Ein Sprecher des baden-württembergischen Verkehrsministeriums sagte, die Verbesserungen gingen auch auf die Diskussion um Fahrverbote zurück. Diese habe den Austausch alter gegen neue Autos beschleunigt. Er wies die Kritik der Industrie- und Handelskammer (IHK) Region Stuttgart an den Grundlagen des Luftreinhalteplans für Stuttgart zurück. Die Kammer hatte unserer Zeitung erklärt, angesichts der stark gesunkenen Luftbelastung sei das sogenannte Wirkungsgutachten, das die Effekte verschiedener Eingriffe abschätzt, überholt und müsse neu erstellt werden. Der Sprecher sagte dazu, der abnehmende Trend sei in dem Gutachten bereits berücksichtigt, so dass es nach wie vor aktuell sei. Er räumte allerdings ein, dass die Verbesserung schneller eingetreten sei als von den zuständigen Experten im Ministerium erwartet.

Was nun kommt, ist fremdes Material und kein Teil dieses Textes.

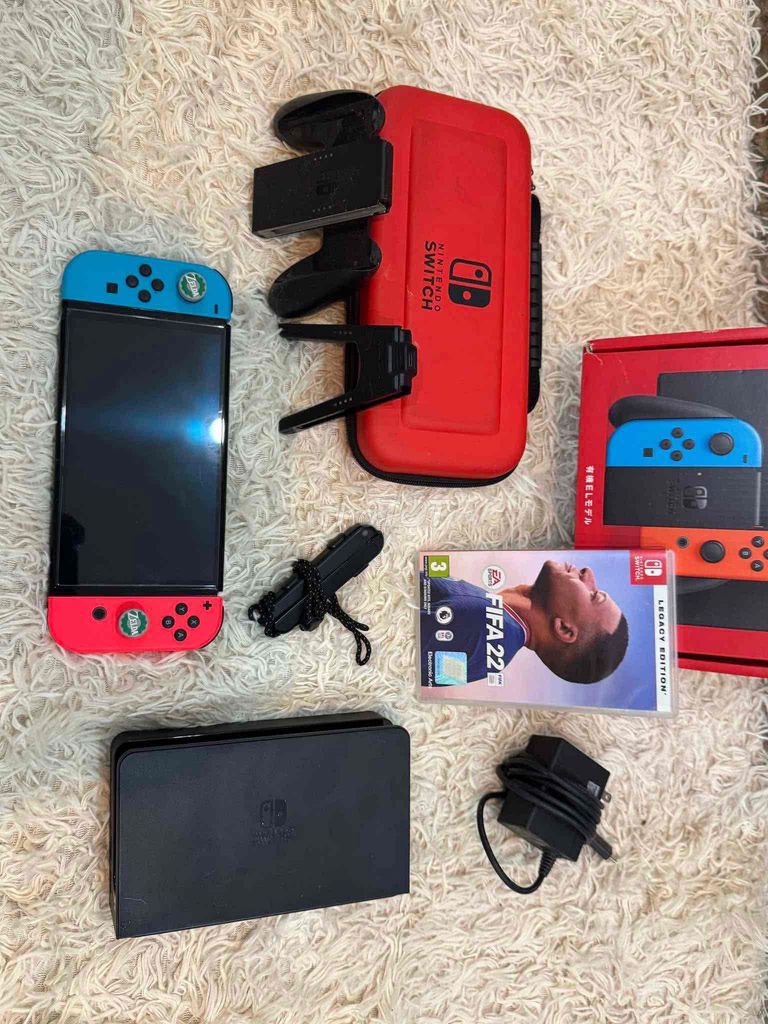 Máy chơi game Nintendo Switch OLED tặng đĩa game. Mua bán Thiết bị chơi game tại Quận 3 Tp Hồ Chí Minh được đăng bởi Huy Vũ hình 1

Land hofft auf Entscheidung für Blaue Plakette

Trotz der Verbesserung hält das Land die Entscheidung, gegen das Fahrverbots-Urteil des Verwaltungsgerichts Stuttgart lediglich Revision einzulegen und nicht in Berufung zu gehen, für richtig. Nach der Entscheidung des Stuttgarter Richters, der dem Land nur die Möglichkeit von Diesel-Fahrverboten ließ, war es in der Landesregierung zu einer heftigen Diskussion gekommen. Bei der von der CDU favorisierten Berufung hätten die Richter eine neue Beweisaufnahme vornehmen müssen, so dass die neuen, besseren Werte in die Entscheidung eingegangen wären. Bei der sogenannten Sprungrevision beim Bundesverwaltungsgericht dagegen wird lediglich das Urteil selbst überprüft, nicht jedoch die dem Richterspruch zugrundeliegenden Tatsachenfeststellungen, etwa über die Höhe der Schadstoffwerte.

Eine schnelle Entscheidung durch das Bundesverwaltungsgericht eröffne die Chance, dass die Frage einer Blauen Plakette bereits in Koalitionsverhandlungen auf Bundesebene einfließe, sagte der Sprecher. Das Land hält eine Blaue Plakette für geboten, die Diesel- und auch Benzinautos benötigen, um in belastete Zonen einfahren zu dürfen; und das Gericht dürfte auch eine Entscheidung darüber treffen, ob die Länder eine bundesweite Blaue Plakette benötigen, um überhaupt Zonen mit Fahrverboten ausweisen zu können. Der inzwischen abgetretene Bundesverkehrsminister Alexander Dobrindt hatte die Plakette aber stets abgelehnt – er wollte nicht derjenige sein, der Umweltpolitikern die Instrumente für Fahrverbote liefert. Je mehr alte Fahrzeuge aber ausgemustert werden, desto weniger Autos wären von Verboten betroffen – und desto leichter wäre die Plakette wohl auch durch die Unionsparteien zu akzeptieren.